De son côté, Hubert Wulfranc ne masque pas non plus ses inquiétudes par rapport aux multiples incertitudes liées à ce projet et en premier lieu au flou concernant le détail du tracé. "Nous avançons dans ce dossier dans une opacité totale. Dès lors, il paraît légitime que nous alertions les représentants de l’État sur le fait que cet axe routier, raccordé aux abords du rond-point des Vaches, puisse porter atteinte à la fois aux intérêts de la population et à l’environnement. Il est question ici de pollution, de santé publique et de maîtrise des flux de circulation. En outre, cette liaison avec l’A13 risque également de rompre le lien physique entre Oissel et Saint-Étienne-du-Rouvray, deux villes importantes de l’agglomération."
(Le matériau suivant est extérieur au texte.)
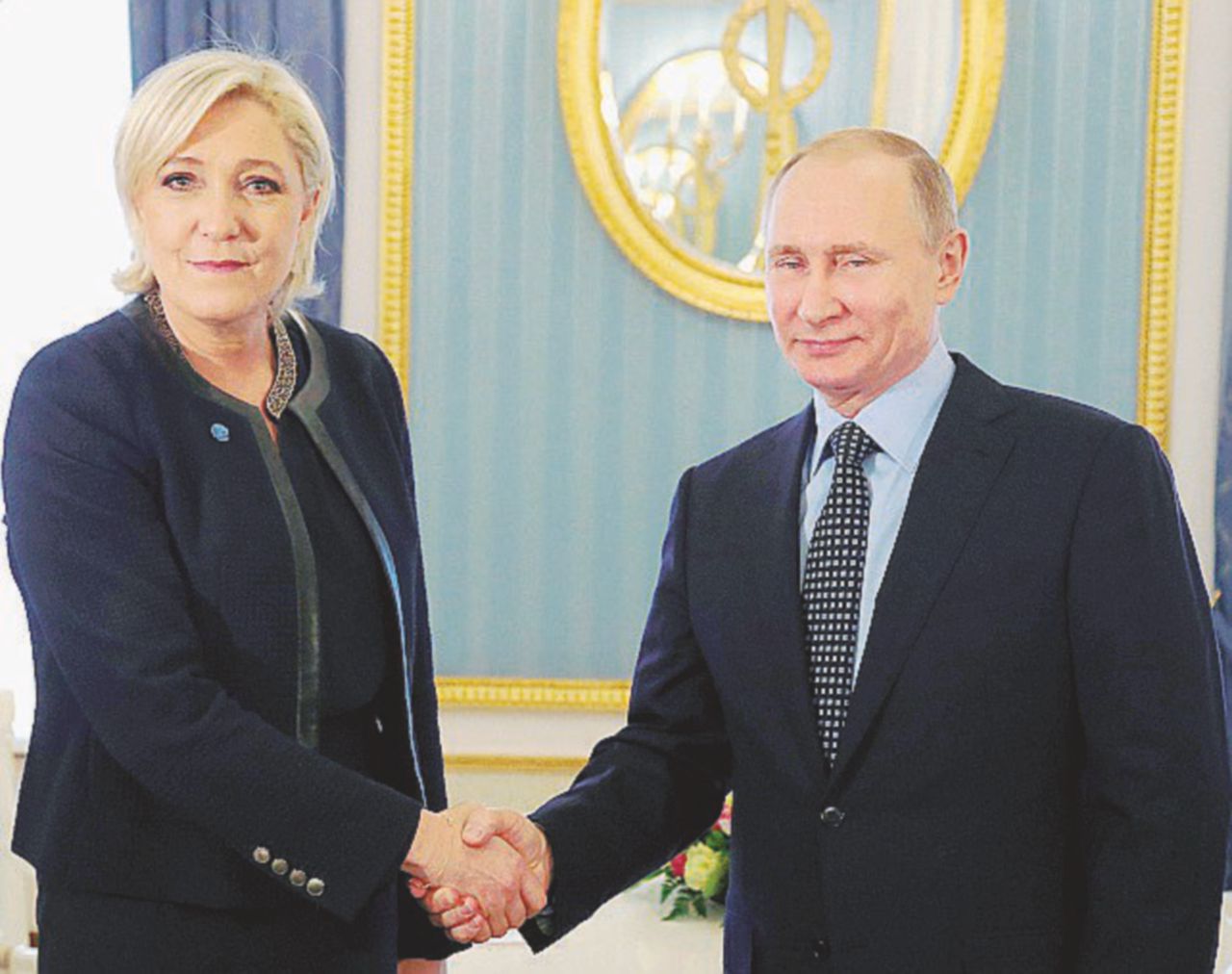 Uniti si vince - Marine Le Pen e Putin: lei è favorita con il Front National al primo turno delle Presidenziali - Ansa Niente soldi per la “compagna” Le Pen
Dans ce registre, toutes les communes impactées par le contournement ne seraient donc pas logées à la même enseigne. Et le maire d’ajouter, "le territoire de la rive gauche n’a pas vocation à récupérer tous les effets négatifs d’une liaison qui pourrait effectivement résoudre les problèmes de circulation dans le centre-ville de Rouen. Pour que le projet soit viable, il se doit de répondre aux attentes de chacune des parties".
Dans ce contexte, des voix de Stéphanais se font aussi entendre qui expriment des craintes concernant la situation actuelle aux abords du secteur de la Chapelle. À l’écoute de cette préoccupation, Hubert Wulfranc rappelle sa détermination à s’engager "dans un processus de résistance sur le long terme". Et Alain Roussel de conclure : "Nous ne sommes pas dans l’opposition systématique mais nous refusons le passage en force. C’est pourquoi, réunis en association, nous ferons en sorte que le débat soit maintenu et que notre parole soit entendue."